Если почтенный автор издаст ещё несколько пьес в этом роде, мы, может быть, возьмёмся объяснить его взгляд и степень пользы и необходимости нововведения, которое он, по-видимому, усиливается усвоить современной драматургии. Несмотря на странности, которые на каждом шагу поражают читателя, „Любовь и честь“ читается с удовольствием. Есть много сцен живых, оригинальных, списанных с природы бойко и верно. Такова, например, Марьина роща[681], где автор вас совершенно переносит на место действия и до того поражает верностью картины, что всякий, кто только живал в Москве, невольно вспомнит весёлую, разгульную Марьину рощу. Некоторых критиков особенно поразил своею оригинальностью хор песенников…[682] Им эта песня показалась невероятною; но один коренной москвич, которому случилось слышать эту песню от одного солдата, сообщил нам её даже ещё в гораздо большем объёме… Вообще в драме очень много прекрасных мест… и мы советуем прочесть её; читатели останутся ею довольны, а за недостатки и длинноту великодушно простят автора, имеющего свой взгляд на это дело, точно так, как прощали некогда сухость и почти бесконечность драматических фантазий Кукольника»[683].
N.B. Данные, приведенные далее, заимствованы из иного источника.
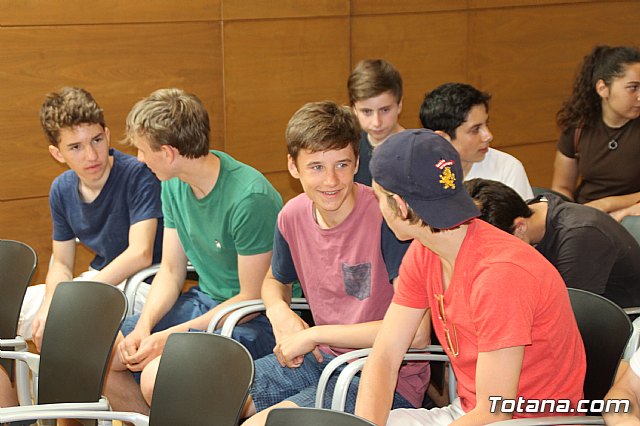 Recepcin institucional a alumnos ingleses - 8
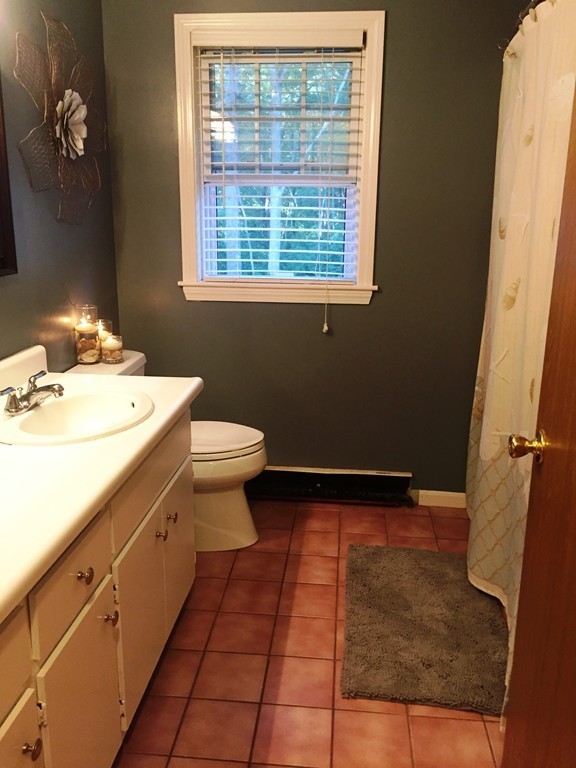 21 Giffords Corner Road Marion, MA 02738 - Photo 8 of 20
Самым удачным, по нашему мнению, отзывом о пьесе Великопольского является разбор, напечатанный в «Маяке»[684] и принадлежащий перу одного из его редакторов — П. А. Корсакова: он, рассматривая «Любовь и честь», находил, что в ней, так же как и во «Владимире Влонском», «есть хорошие сцены, видна наблюдательность, начитанность, ум, но нет целого, нет драматического интереса. Это — ряд картин, иногда довольно удачно схваченных, но сшитых между собою на живую нитку. Автор… гоняясь… за частностями, совершенно уничтожил главный интерес, расхолодил его до утомительности бездной других мелких интересов, целым строем действующих лиц, появляющихся одно за другим как китайские тени в волшебном фонаре[685]. Такое множество характеров, рачительно выставленных напоказ, каждый в своей сфере, в своих частных действиях, до того развлекают внимание читателя, что он поневоле холодеет к главным действователям… Мы далеки от того, — пишет далее Корсаков, — чтобы отрицать в почтенном авторе всякий талант: мы даже уверены, что если он послушается добросовестного совета нашего, то может подарить отечественную публику произведением, достойным и родины, и пишущего её сына…»[686].

Выше уже было вскользь упомянуто об уничтожении изданной Великопольским, одновременно с драмой «Любовь и честь», трагедии «Янетерской»[687]. Причиной этого уничтожения цензурой выставлена была «безнравственность» произведения Ивана Ермолаевича, который представил в нём печальную судьбу своего героя, не знающего ни отца, ни матери.